His order did not say how many troops would be deployed. The troops have been instructed to use military vehicles, set up checkpoints, and prevent armed clashes.
Convoys of military trucks were seen driving into the city, but it wasn't immediately clear whether police and the military would comply with the presidential order.
Former leader shot at
On Friday, former president Almazbek Atambayev spoke to demonstrators who flooded central Bishkek, urging them to refrain from violence.
"I'm against using force, everything should be done by peaceful means," he said.
Shortly after he spoke, supporters of Sadyr Zhaparov, who has styled himself as prime minister, assailed pro-Atambayev demonstrators on Bishkek’s central square, hurling stones and bottles.
A man with a pistol fired several shots at Atambayev's car as it sped away, but the former president was unhurt.
Two other politicians affiliated with Atambayev also had their cars shot at as they left the square, their party said. They weren't injured.
Another politician was badly injured amid the clashes on the square, but the circumstances of the incident weren't immediately clear.
Later on Friday, Kyrgyzstan's Parliament announced plans to convene on Saturday to consider interim prime ministerial candidates as well as President Jeenbekov's declaration of a state of emergency, local news website Akipress quoted a deputy speaker as saying.
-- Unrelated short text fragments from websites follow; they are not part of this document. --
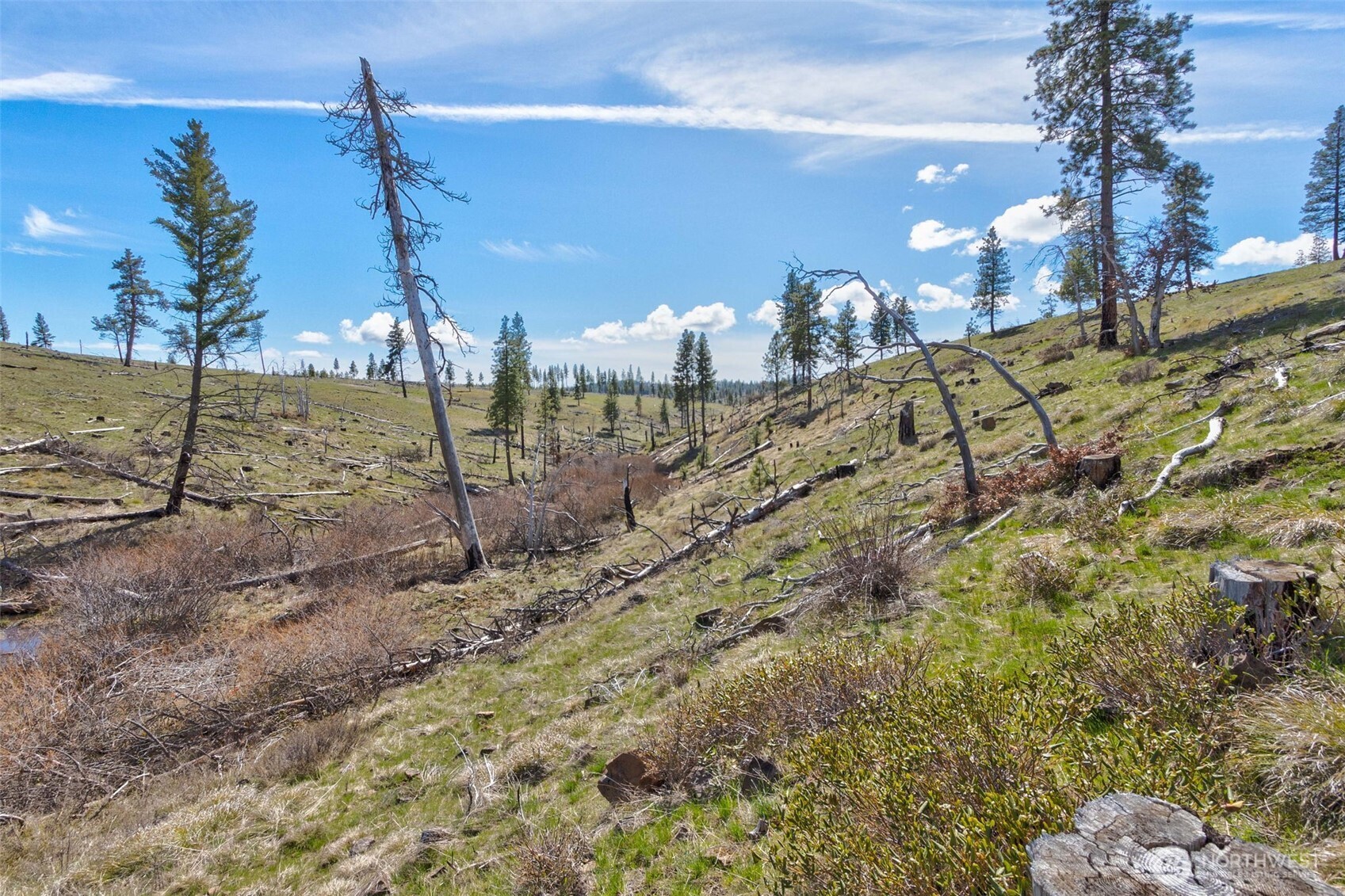 0 Box Canyon Road Property Photo 7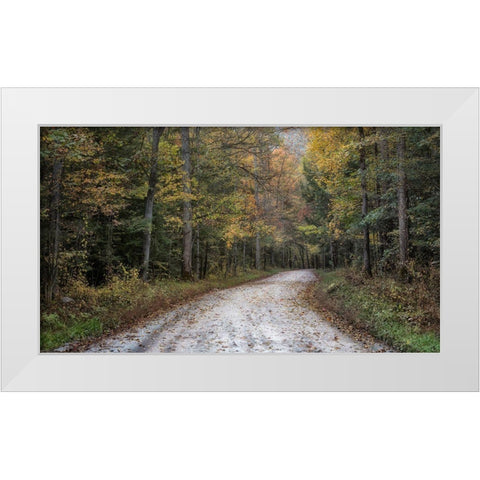 Crusing Greenbrier I White Modern Wood Framed Art Print by Head, Danny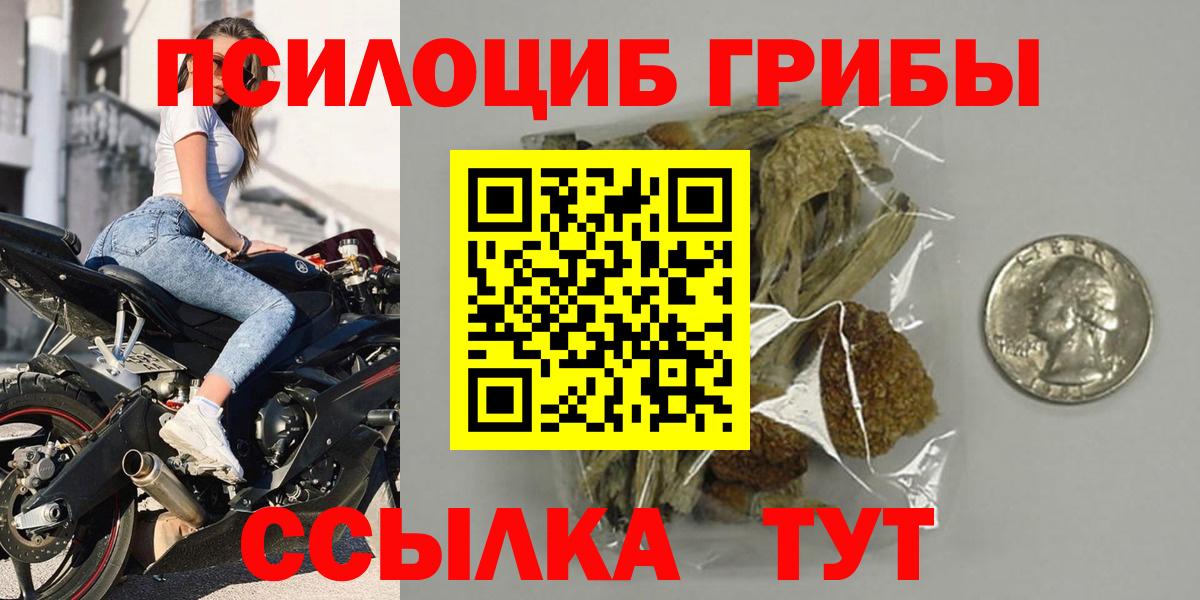 Псилоцибиновые грибы мухоморы Анжеро-Судженск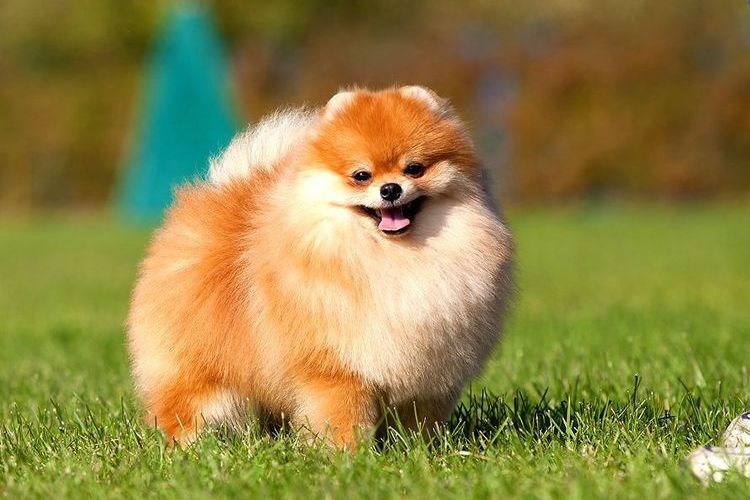 Pomerania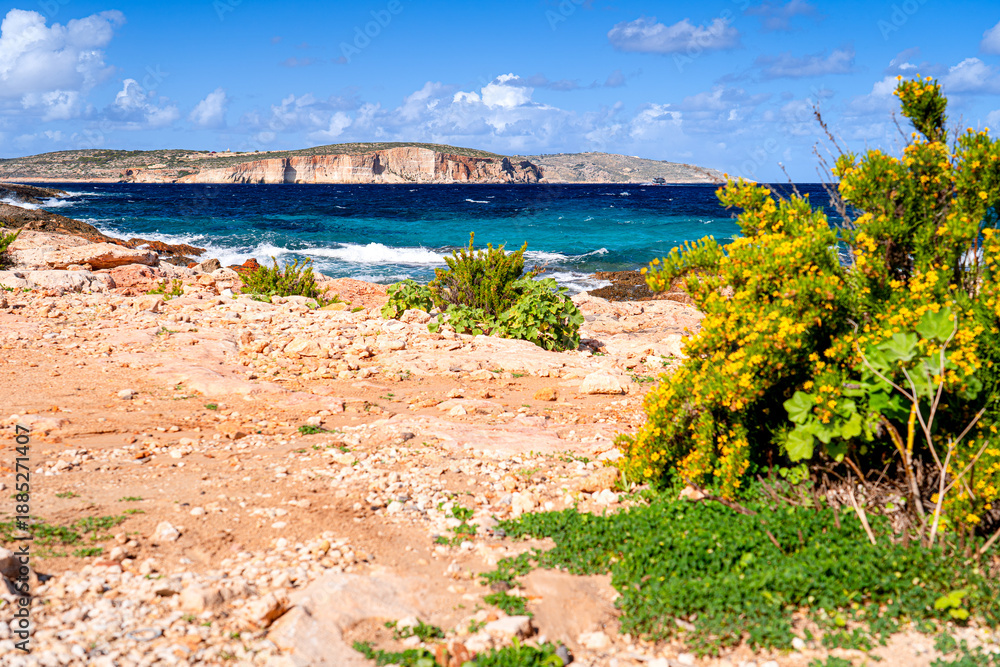 Fototapeta premium Picturesque island in Mediterranean Sea with natural landscapes, Malta.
The legislature plans to meet in the Ala Archa presidential residence on the outskirts of the capital Bishkek, Aida Kasymaliyeva said, after failing to gather a quorum since protests toppled the previous cabinet on Tuesday.
Jeenbekov: 'Ready to resign'
Jeenbekov had said he was "ready to resign" once a new cabinet was appointed as politicians sought a way out of a power vacuum that has prompted Moscow to talk about Russia's obligation to ensure stability.
Opposition groups have quarrelled among themselves since seizing government buildings and forcing the cancellation of a disputed election result this week.
They made the first step towards consolidation, raising hopes of an end to the crisis, but thousands of their followers took to the streets at rival rallies that politicians said posed a danger of violence.
The opposition is divided between 11 parties which represent clan interests in a country that has already seen two presidents toppled by popular revolts since 2005.
Russia has described the situation in Kyrgyzstan, which borders China and hosts a Russian military base, as "a mess and chaos".
The crisis tests the Kremlin's power to shape politics in its former Soviet sphere of influence at a time when the fighting has erupted between Armenia and Azerbaijan, and Belarus is also engulfed in protests.
Kyrgyz opposition groups have so far failed to agree on who would lead a provisional government, after forcing the cabinet to resign and the election commission to annul the results of Sunday's parliamentary election.